To target parasites, you will be running a much slower flow-through rate. This will achieve a longer contact time and a higher level of sterilization that will sufficiently disrupt the DNA of the protozoa. Furthermore, the reproductive cycles of said parasites are often measured in days rather than minutes or hours meaning they cannot reproduce faster than you can sterilize. 

Since you cannot run both a fast and slow flow rate through the same UV sterilizer, you have to pick one or the other. The only way to achieve both is to run multiple UV sterilizers, each with a different flow rate which is a perfectly suitable approach if you are looking for ultimate sterilization.

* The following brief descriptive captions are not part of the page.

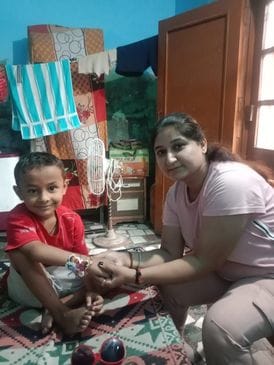 09जेएनडी23: नेहा अपने भाई रोहित को राखी बांधते हुए। 09जेएनडी23: नेहा अपने भाई रोहित को राखी बांधते हुए।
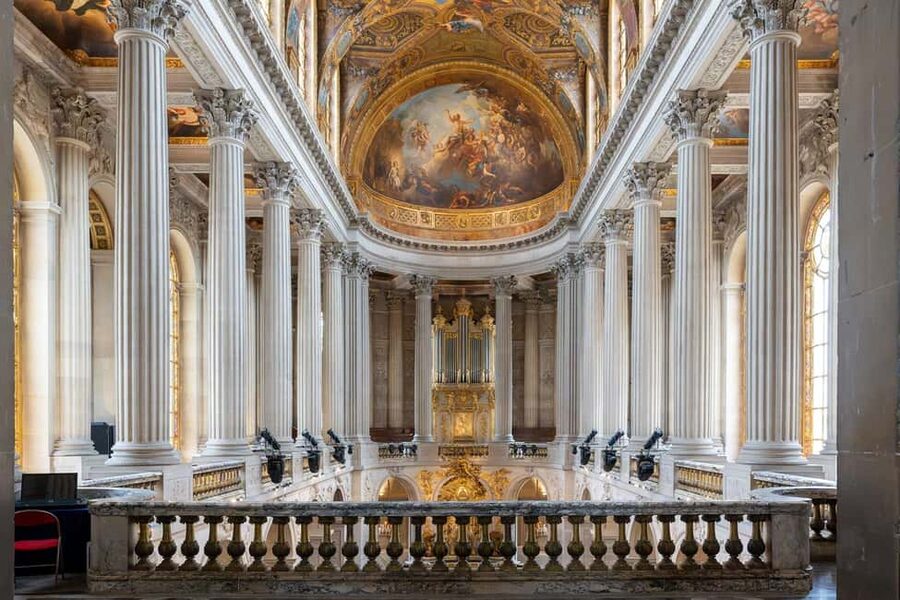 Versailles: Skip-the-Line Versailles Palace and Gardens Tour - The royal apartments and the public life of the court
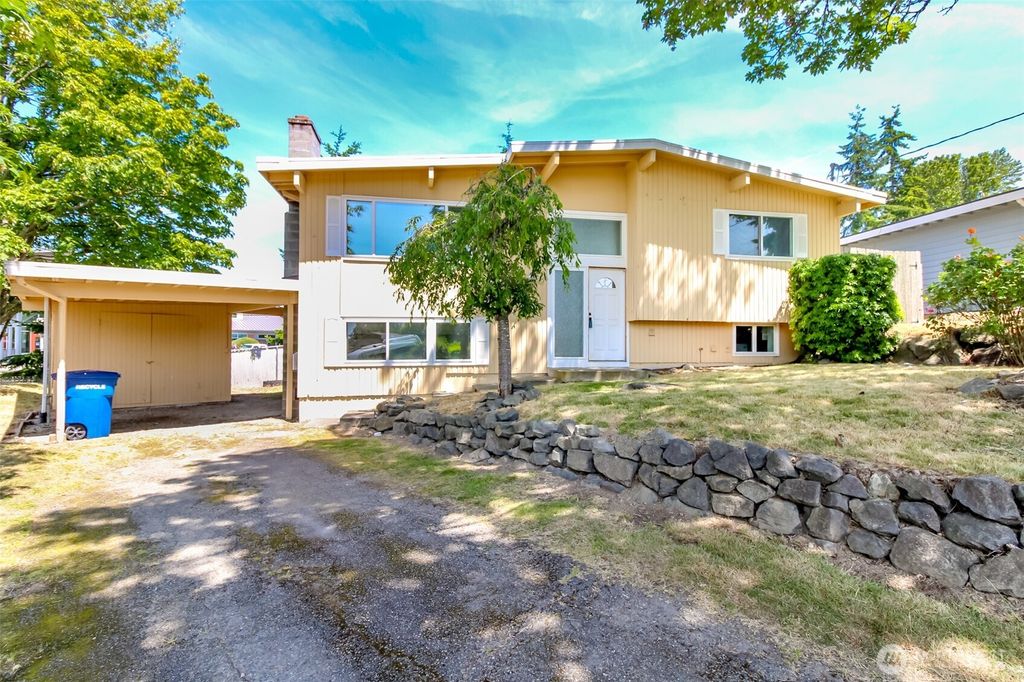 Photo of 24700 21st Ave S Ave, Des Moines, WA 98189 (MLS # 2388620)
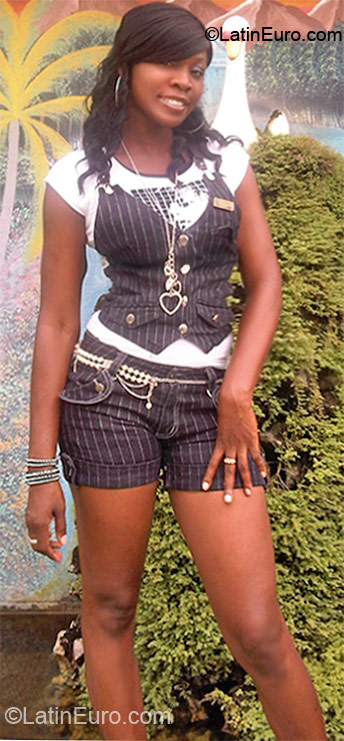 Date this sensual Jamaica girl Deli from Montego Bay JM490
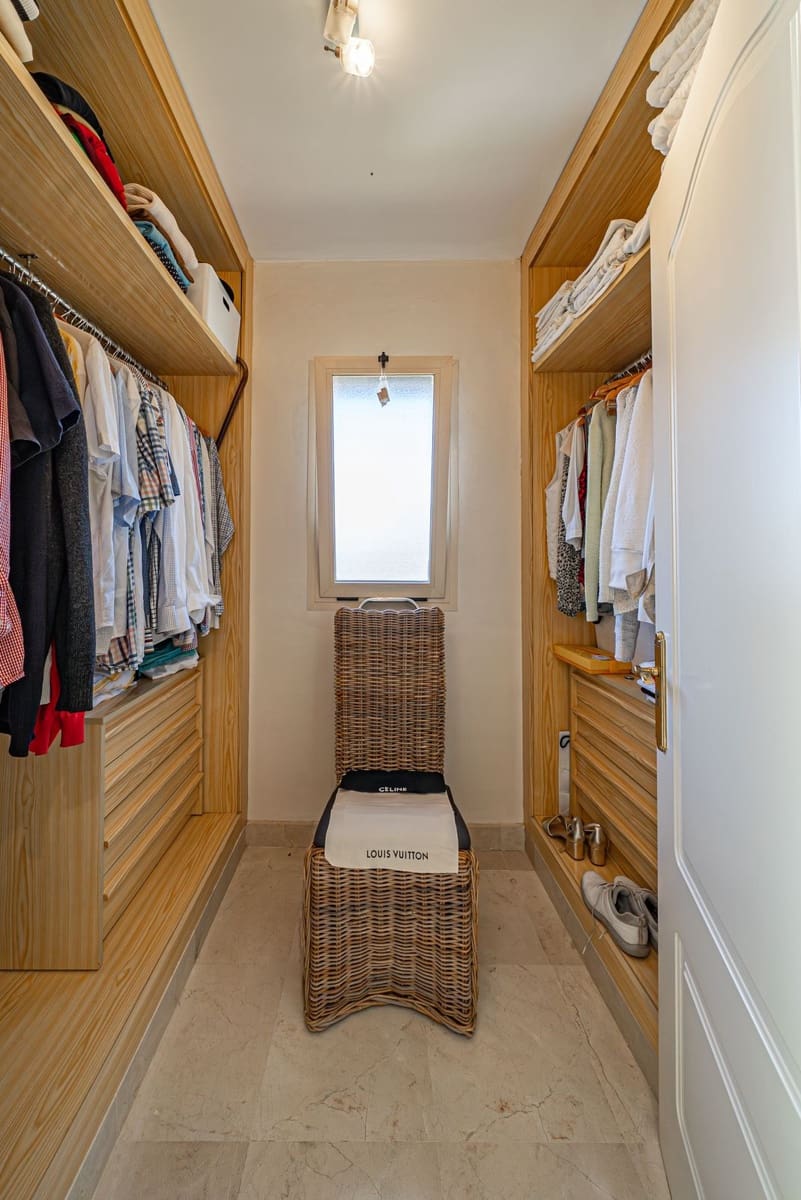 4 soverom Hus til salgs i Estepona - € 585 000 (Ref: 9412951)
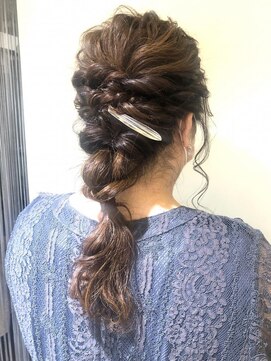 リスタバイネオリーブ 浅草(Re:sta by neolive) 編み込みアレンジ　Re:sta by neolive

UV Sterilizer Myths & Reef Tanks

We have already established that UV sterilizer can help prevent and control bacteria, algae, and parasites but won't eliminate them 100%. It's still important to have good husbandry practices alongside UV sterilization to achieve the best possible results.  This leaves one myth on the table that used to be a common belief in reef aquarium circles. 

It was once rumored that UV sterilizers will disrupt the natural food chain in your reef aquarium, killing phytoplankton and other beneficial microorganisms that feed your corals and invertebrates. It was stated that the result would have a negative effect on your tank inhabitants, which couldn't be farther from the truth. 

While it is true that a UV sterilizer will kill live phytoplankton and other suspended organisms, these things get removed by your protein skimmer and other means of filtration anyway.  Furthermore, we know that the natural food chain in your tank is nowhere near sufficient to sustain fish, invertebrates, and corals which is why we feed our aquariums. If you are feeding live phytoplankton to your tank, you simply turn off the UV sterilizer alongside your protein skimmer for a short amount of time. This allows the animals to gather the live suspended foods before the filtration can remove them. 

Using a UV sterilizer will not starve your reef aquarium or disrupt the biological foundation. Beneficial bacteria primarily exist on surfaces meaning it is not suspended where the UV sterilizer can kill them. Furthermore, any sort of natural food chain in the tank is only supplemental to what we are manually feeding the tank inhabitants. This is exactly why live phytoplankton and rotifers must be propagated in a separate tank, then intermittently fed into your aquarium. These live foods won't be able to sustain a sufficient population in your display, with or without a UV sterilizer, and could potentially foul the aquarium water if left unremoved by your filtration.